The performance of the proposed method is evaluated both objectively and subjectively. As an objective measure, the root mean square error (RMSE) between the reference and estimated HRTFs is calculated.

2 Database Used

All the researches in our study were conducted with the Chinese pilots HRTF database [17]. The database contains the measured HRTF of 63 subjects in 723 different directions. Table 1 describes the direction selected of the HRTF database. In Table 1, the $\phi $ represents the elevation, which ranges from $-40^{\circ }$ to $80^{\circ }$. The $\varDelta \theta $ represents the interval of azimuth. In the elevation of $-40^{\circ }$ and $40^{\circ }$, the $\varDelta \theta $ of $6^{\circ }$ / $7^{\circ }$ means the azimuth selected with an interval of $6^{\circ }$ and $7^{\circ }$ in turn, while in other elevation, the $\varDelta \theta $ is a value, which means the interval is constant. The N represents the number of HRTF direction in different elevation.

Table 1 The number of HRTF measurements at different elevations and azimuth intervals

Full size table

Different from the CIPIC database [4], which uses distance and angle to quantify anthropometric parameters, in the Chinese pilots database, we quantify the subject’s anthropometric parameters by using a series of three-dimensional coordinates of anthropometric characteristic points (such as the apex of the head and the tragus point).

For the three-dimensional anthropometric parameters, we selected 93 feature points, which consist of 50 feature points of the ears (25 for each ear), 33 feature points of the face, and 10 feature points of the torso. Figure 1 shows some of the anthropometric characteristic points.

Also, there were 69 anthropometric parameters in the Chinese pilots database extracted from the 93 anthropometric parameter points which included 37 features for head and torso in addition to 32 features for ears.

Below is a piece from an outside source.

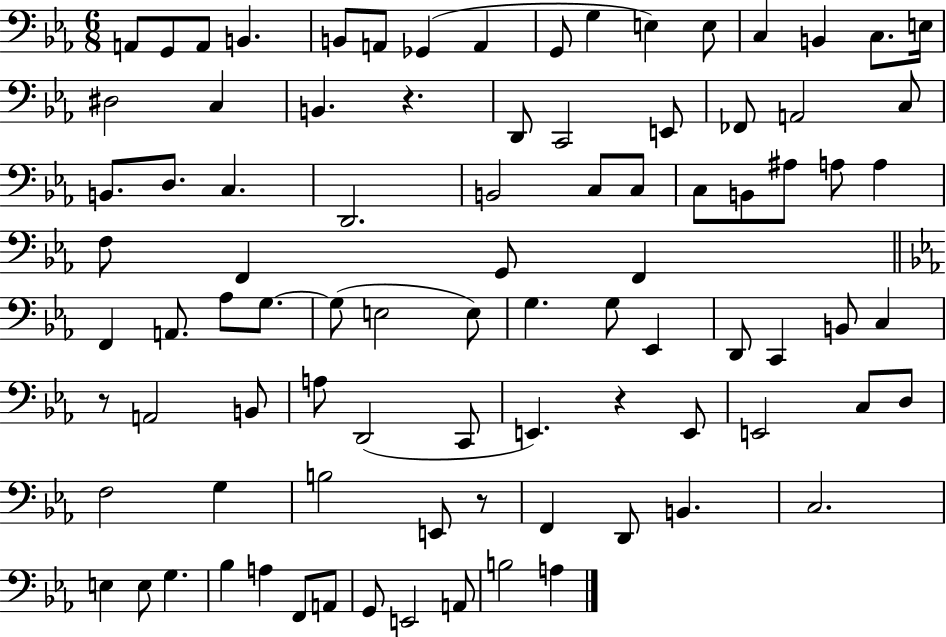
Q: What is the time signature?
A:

3 Proposed HRTF Personalization Model

3.1 Neural Network Architecture

This section proposes a method for estimating personalized HRTFs. The detailed structure of the proposed model employed in this experiment is summarized in Fig. 1. In this model, the anthropometric parameters and the elevation and azimuth of the sound source are used as input features, and the HRIRs are the target features. As shown in Fig. 1, the proposed neural network is composed of three subnetworks. The first subnetwork, referred to as “subnetwork A”, is a CNN that takes anthropometric measurements as input features to represent the relationship between the anthropometric measurements and the HRTF. The second subnetwork, referred to as “subnetwork B”, is a feature representation network based on the position of the sound source. The outputs of these two subnetworks are then combined to form the input to another DNN, referred to as “subnetwork C”, to estimate personalized HRTFs. Thus, the neural network is composed of three parts.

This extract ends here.